L'errance à l'intérieur de soi a ceci d'étonnant qu'elle est tout à fait invisible. C'est une disparition sans avis de recherche. On glisse à l'intérieur de soi, aspiration sans expiration. Le corps continue sans routine, le visage réagit au son et à la lumière. Les yeux se vident, le sommeil s'échappe.
Loin de l'obsession amoureuse, l'errance à l'intérieur est un éparpillement de soi en mille morceaux sans éclats. La fermeture d'une aile de musée que plus personne ne visitait.
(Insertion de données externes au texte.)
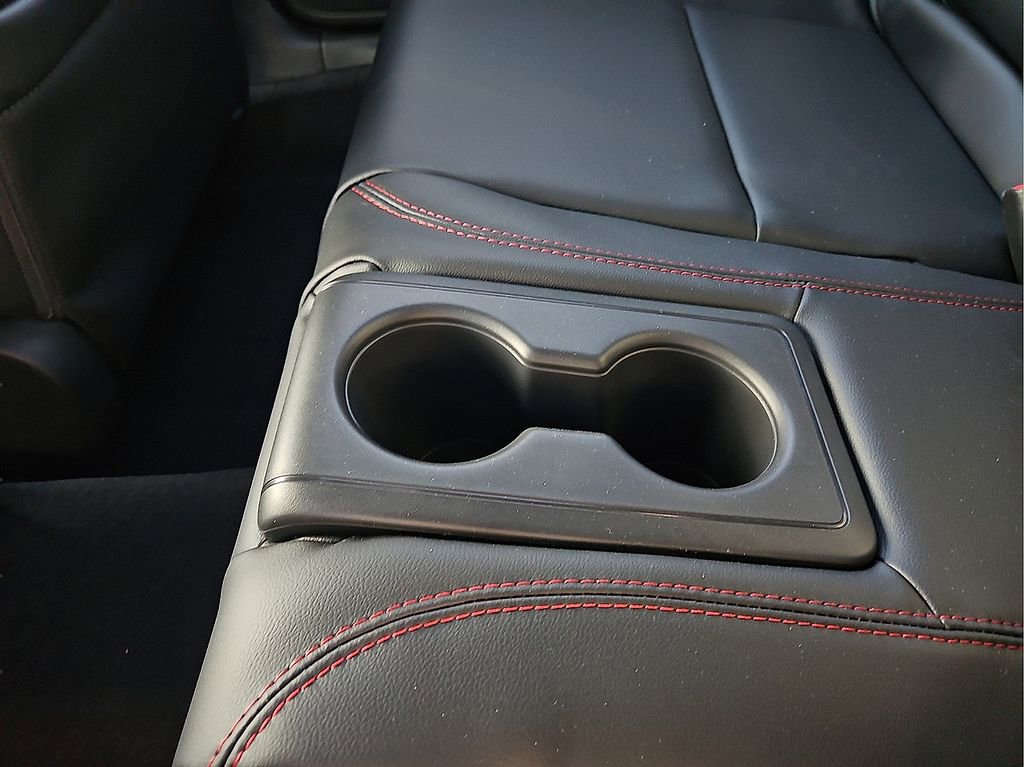 New 2026 Acura Integra Type S FWD image 12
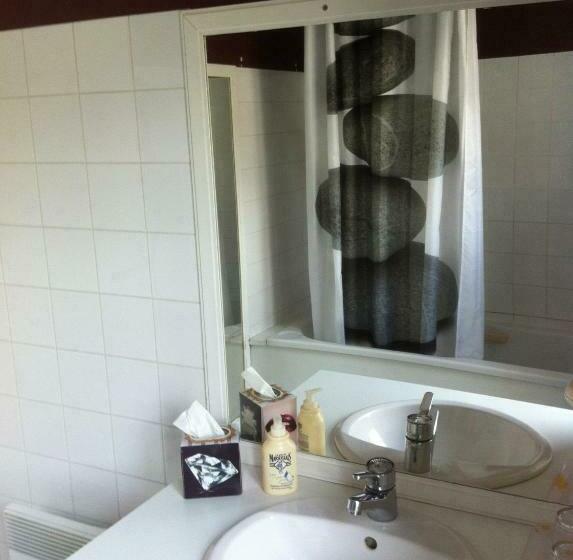 اتاق استاندارد, La Ferme Du Bois Quesnoy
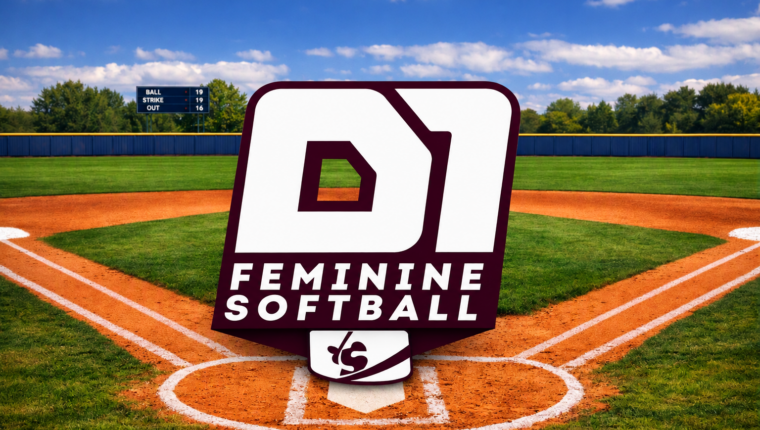 D1F: una stagione di softball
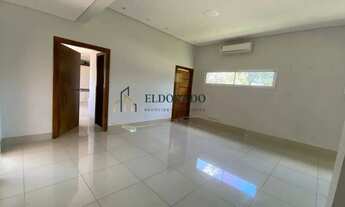 Imagem 2: Casa Térrea para Locação no Condomínio Belvedere 1 em Cuiabá/MT!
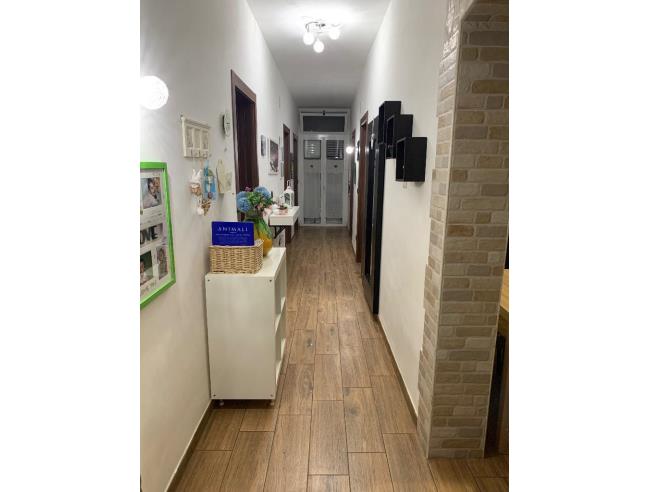 Anteprima foto 8 - Casa indipendente in Vendita a Statte (Taranto)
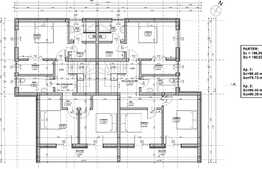Casa de vanzare, 167 mp, 400 mp teren, garaj, zona accesibila bus!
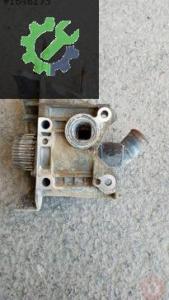 PEUGEOT 206 MOTOR AYAĞI VE SU POMPASI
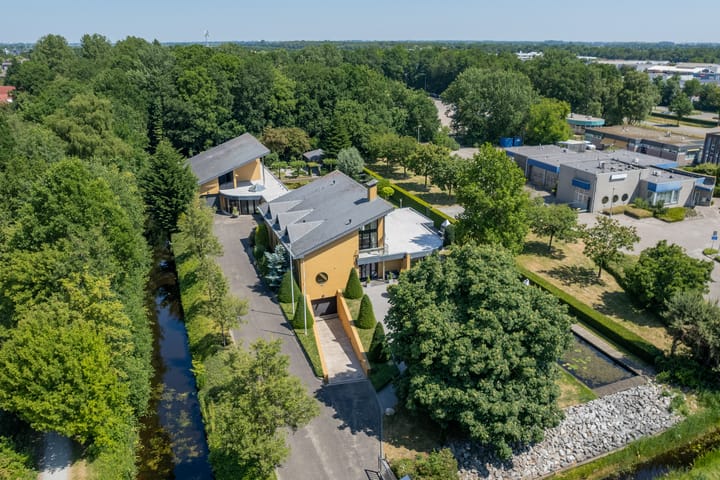 Appartement te koop: Polderboskdyk 1, Joure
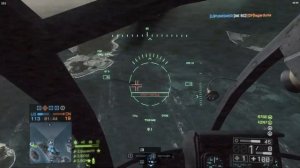 Новый гайд по разведывательному вертолету в Battlefield 4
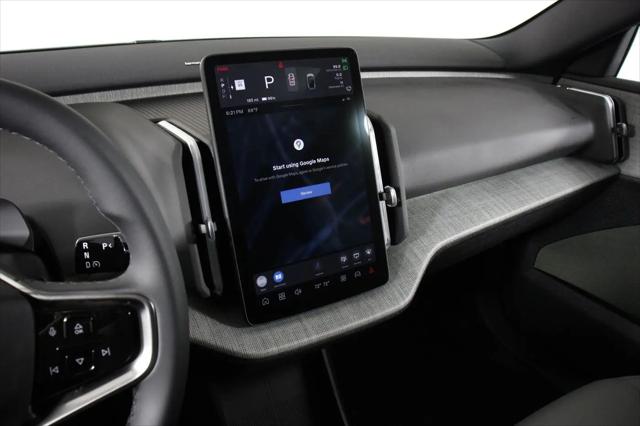 2026 Volvo EX30 Plus Twin Motor Performance, Fully electric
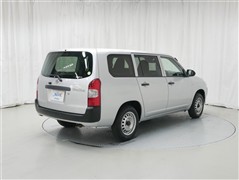 プロボックスバン G 4WD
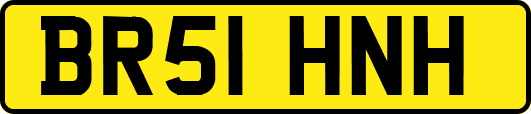 BR51HNH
Le reste de l'établissement fonctionne, cette partie là n'accueille plus de public.
Les retours à soi passent par l'extérieur. On se récupère un détail à la fois, sans jamais ramasser tous les débris. Toujours des petites choses, parsemées dans la ville morte, jamais de grands spectacles.
- la glace offerte par le café en dessous de l'appartement
- l'animateur radio qui annonce la canicule avec un filtre sépia dans la voix
- la poupée à la fenêtre d'un immeuble, posée sur des boîtes en bois, porcelaine étincelante, cheveux de pailles, sourire terrifiant
- la chanteuse d'opéra sous les arcades, sa mélodie nocturne reprise par les gamins qui jouent devant le café
La ville morte ne pose pas de questions quand on revient. Elle non plus n'avait pas de projets pour cet été. Elle ferme en août. Ses habitantes parties sur la côte ou dans le Jura, elle attend. La chaleur s'infiltre dans le bitume qui, doucement, se liquéfie. Ça fait des grandes plaques de chaleur dans lesquelles on pourrait se plonger. Fondre avec la ville, quel beau projet.
Les absences dans la ville morte ne sont pas documentées. Les gens, les chats et les bâtiments disparaissent et reviennent sous d'autres formes constamment.
Hier le sdf n'était plus sous la fenêtre, il n'a pas disparu, il est ailleurs me dit le boulanger, c'est un ailleurs mieux il se rassure en me donnant la monnaie dont je ne sais pas quoi faire. Le hangar, aspiré par un grand trou, laissera place à une résidence au nom floral, parsemée de balcons secs et sertie de fenêtres en pvc. Un chat au nom de Cajou a sauté d'un rebord de fenêtre à l'autre jusqu'au kebab, se laissant glisser le nom de la portière. A son retour, une main a surgit par la fenêtre, l'a saisi par le col et a refermé l'ouverture. Il s'appelle comme sur l'annonce placardée rue de Marseille “PERDU CAJOU CHAT 9 ANS”.
Rien ne se crée tout se transforme, je voudrais tout documenter. Revenir c'est vouloir collecter. Acheter de nouvelles pellicules, emprunter une caméra, tout capturer.
Comme si cela pouvait prévenir la prochaine disparition.